**TASK REQUIREMENTS**
Restate the data word for word. Leave the pictures out.
····················
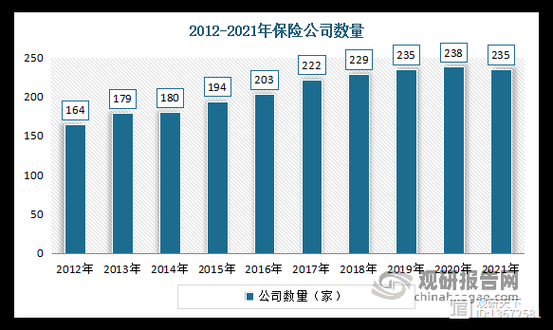 2013年保险行业怎么样_2013年保险行业发展趋势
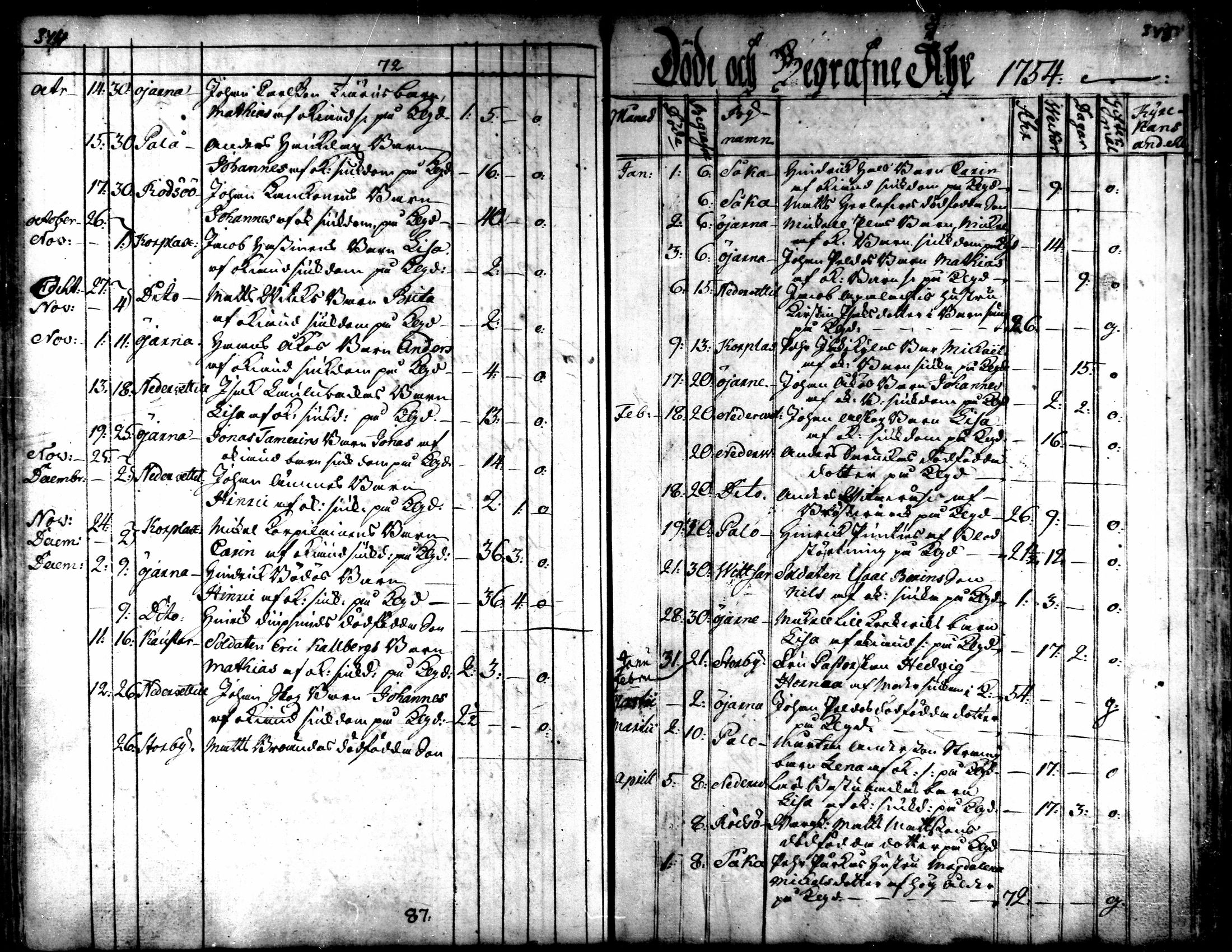 [ ../kirjat/Kirkonkirjat/kaarlela/kuolleet_1751-1770_mko217-218/kuvat/10.jpg ]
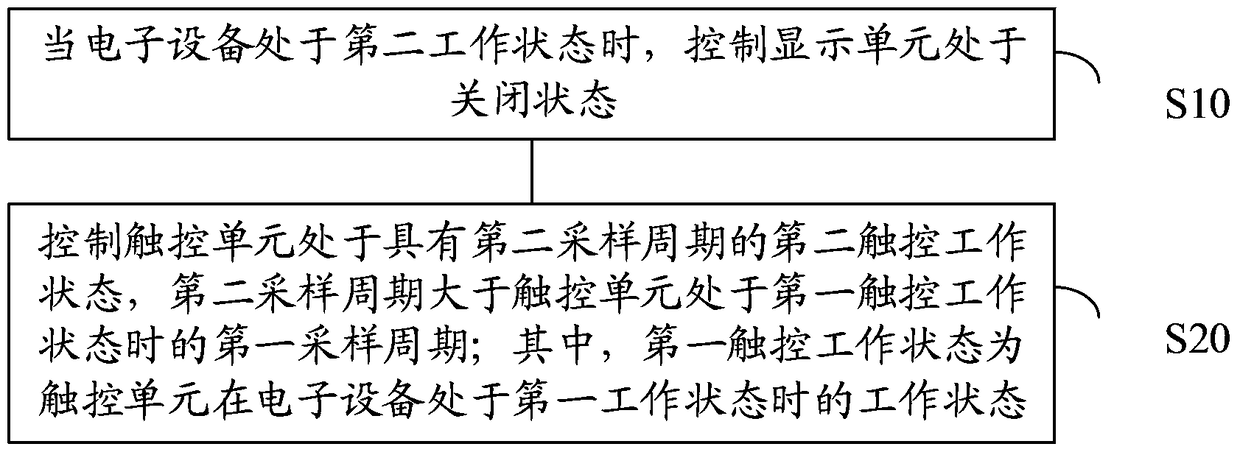 An information processing method and electronic device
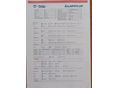 FIAT SEDICI 2007/6 - 14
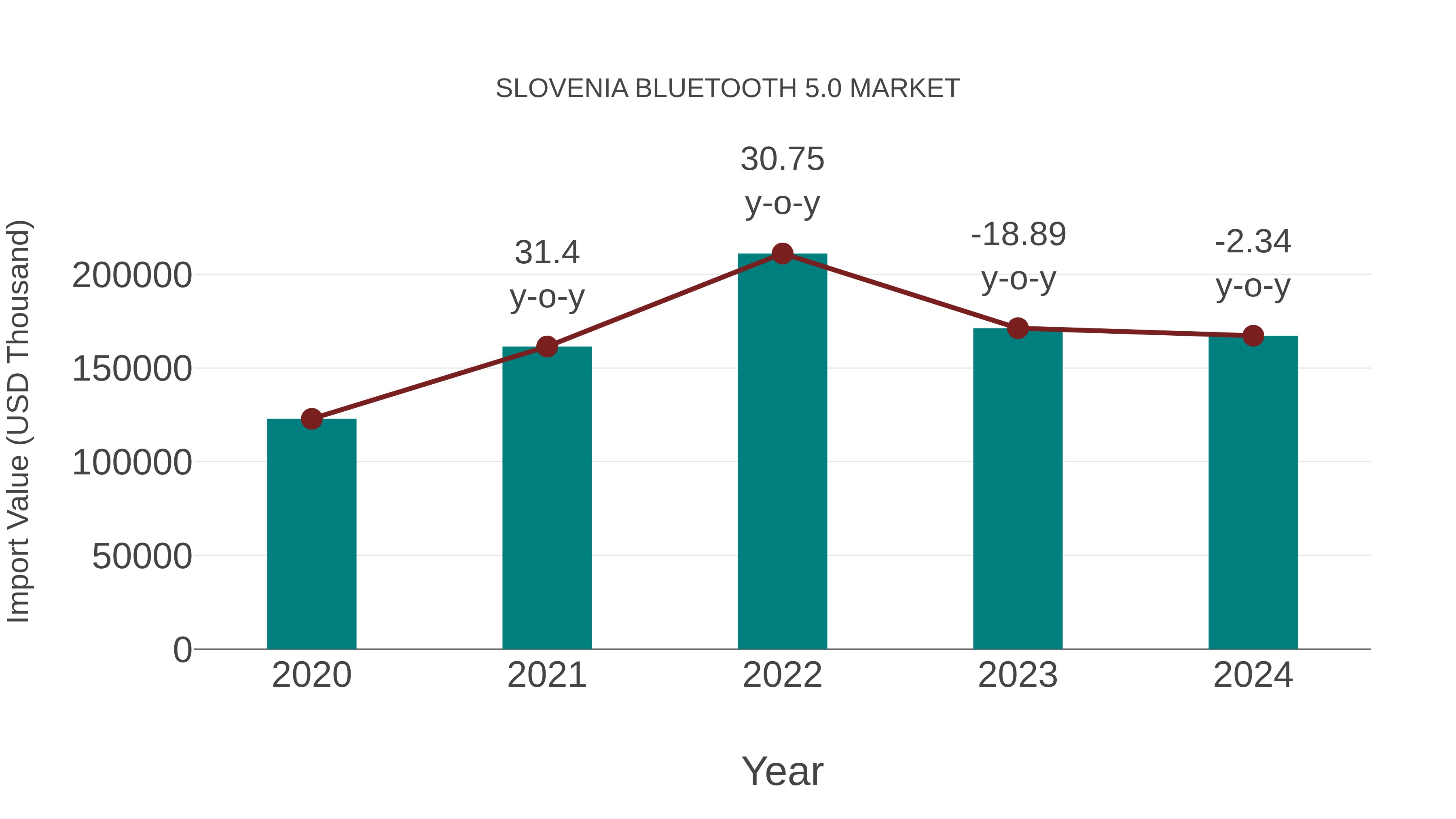  Slovenia Bluetooth 5.0 Market: Import Trend Analysis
····················
**RESPONSE**
 2013年保险行业怎么样_2013年保险行业发展趋势
 [ ../kirjat/Kirkonkirjat/kaarlela/kuolleet_1751-1770_mko217-218/kuvat/10.jpg ]
 An information processing method and electronic device
 FIAT SEDICI 2007/6 - 14
  Slovenia Bluetooth 5.0 Market: Import Trend Analysis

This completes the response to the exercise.